[Image-caption web data]
-- Opening Marker --
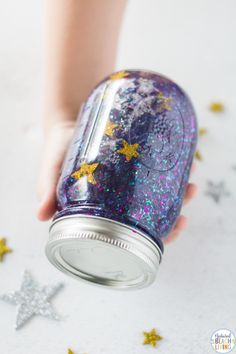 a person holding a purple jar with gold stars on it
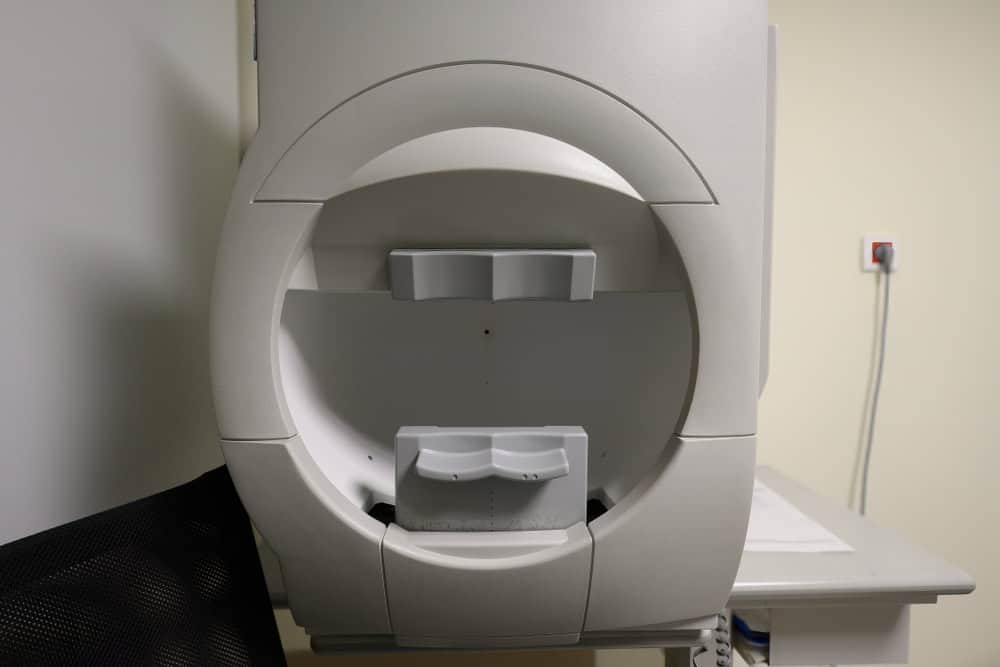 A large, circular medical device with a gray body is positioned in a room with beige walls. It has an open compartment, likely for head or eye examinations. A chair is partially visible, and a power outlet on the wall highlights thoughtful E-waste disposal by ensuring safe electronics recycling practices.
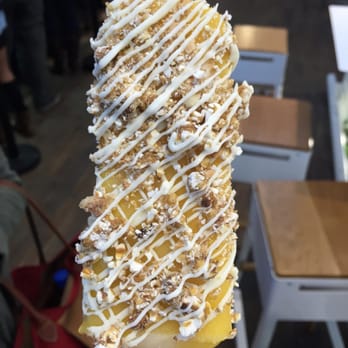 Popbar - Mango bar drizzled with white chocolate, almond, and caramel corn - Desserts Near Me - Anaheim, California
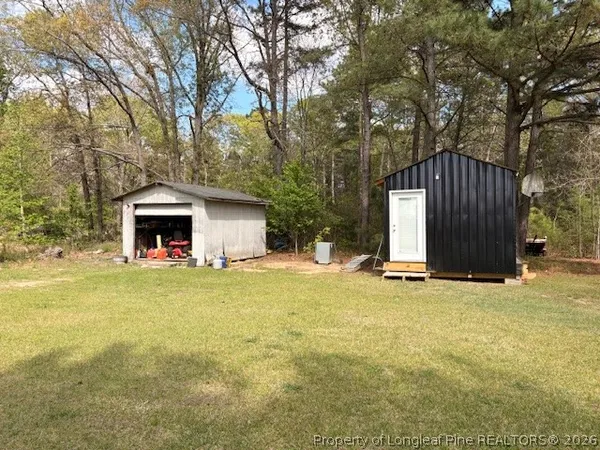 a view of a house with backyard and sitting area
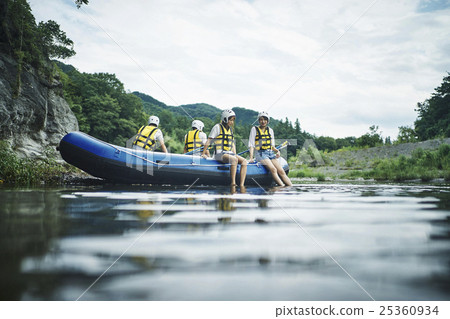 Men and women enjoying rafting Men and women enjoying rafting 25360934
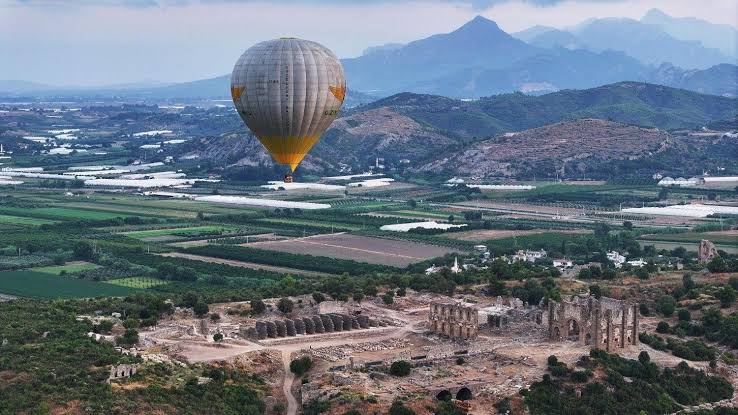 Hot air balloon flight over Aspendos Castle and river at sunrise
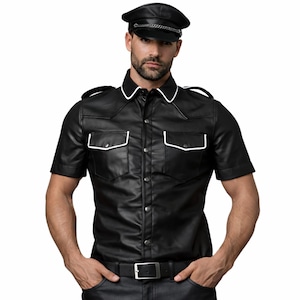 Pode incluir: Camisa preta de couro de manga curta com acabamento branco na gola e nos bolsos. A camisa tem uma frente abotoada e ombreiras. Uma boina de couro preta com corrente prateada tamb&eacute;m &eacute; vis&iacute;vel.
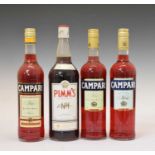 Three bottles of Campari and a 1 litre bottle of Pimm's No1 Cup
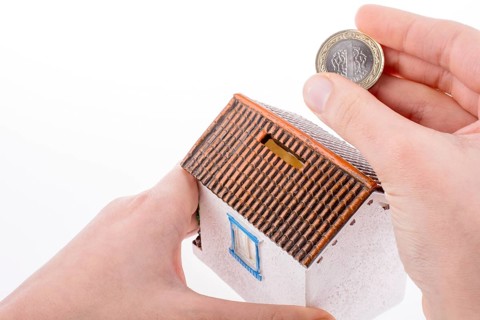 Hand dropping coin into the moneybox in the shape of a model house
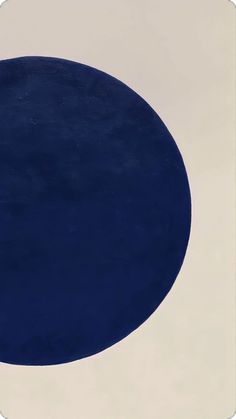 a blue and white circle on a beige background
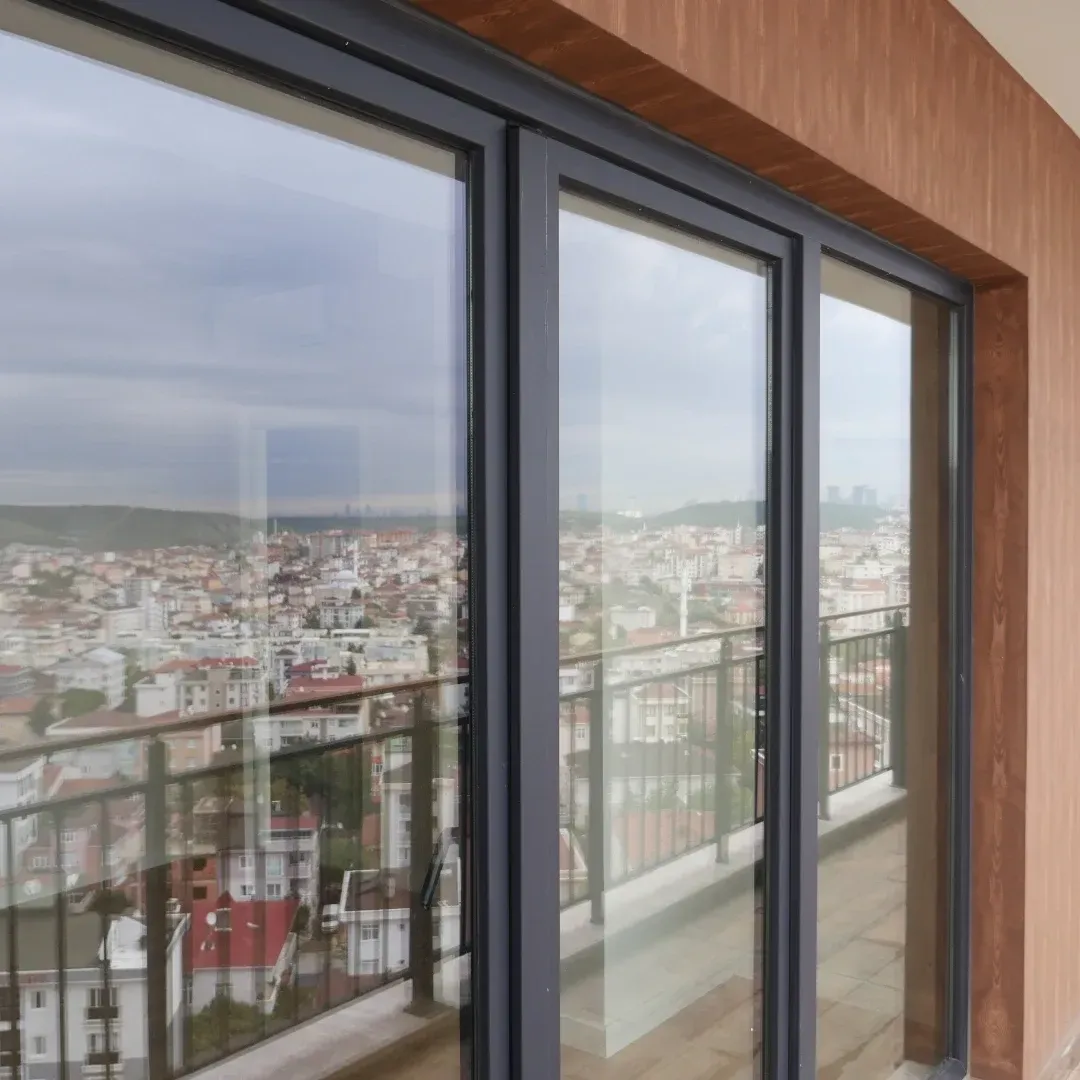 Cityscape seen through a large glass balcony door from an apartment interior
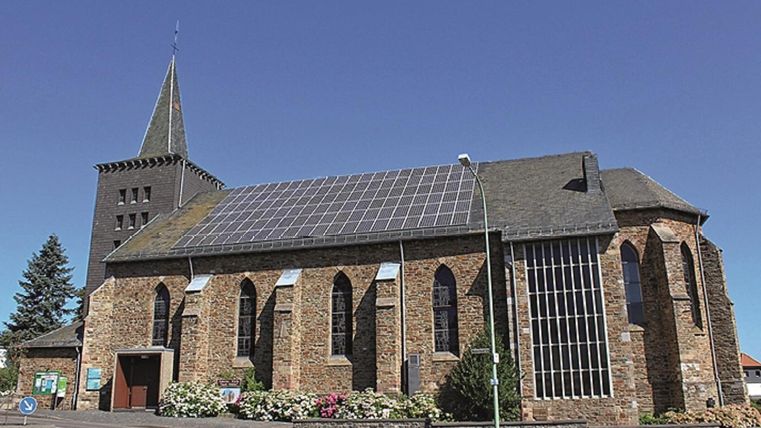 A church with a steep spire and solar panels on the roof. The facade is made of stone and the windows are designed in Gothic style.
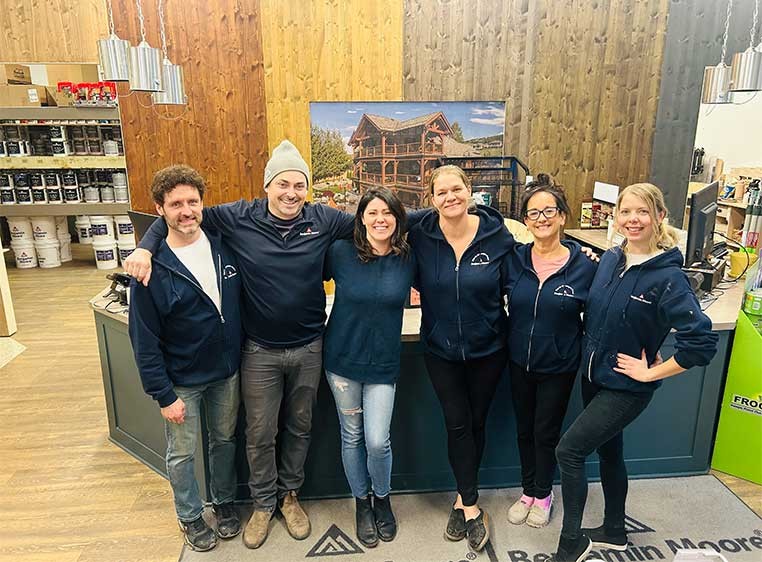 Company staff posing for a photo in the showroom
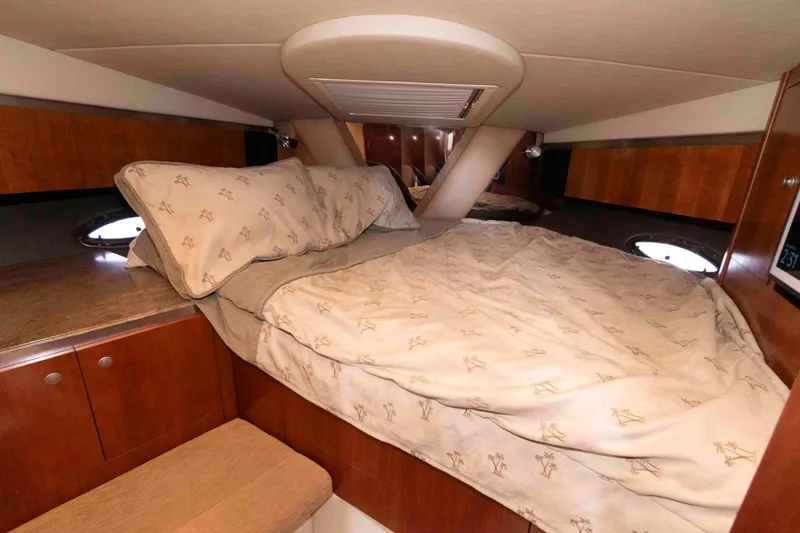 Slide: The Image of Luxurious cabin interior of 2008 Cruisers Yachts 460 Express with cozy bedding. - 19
-- Closing Marker --
▶ Goal of the exercise: The copy should hold exactly the lines from the line containing "Hot air balloon" through the last line of the records, both included, and no pictures or other lines.

▶ Answer to the problem:
 Hot air balloon flight over Aspendos Castle and river at sunrise
 Pode incluir: Camisa preta de couro de manga curta com acabamento branco na gola e nos bolsos. A camisa tem uma frente abotoada e ombreiras. Uma boina de couro preta com corrente prateada tamb&eacute;m &eacute; vis&iacute;vel.
 Three bottles of Campari and a 1 litre bottle of Pimm's No1 Cup
 Hand dropping coin into the moneybox in the shape of a model house
 a blue and white circle on a beige background
 Cityscape seen through a large glass balcony door from an apartment interior
 A church with a steep spire and solar panels on the roof. The facade is made of stone and the windows are designed in Gothic style.
 Company staff posing for a photo in the showroom
 Slide: The Image of Luxurious cabin interior of 2008 Cruisers Yachts 460 Express with cozy bedding. - 19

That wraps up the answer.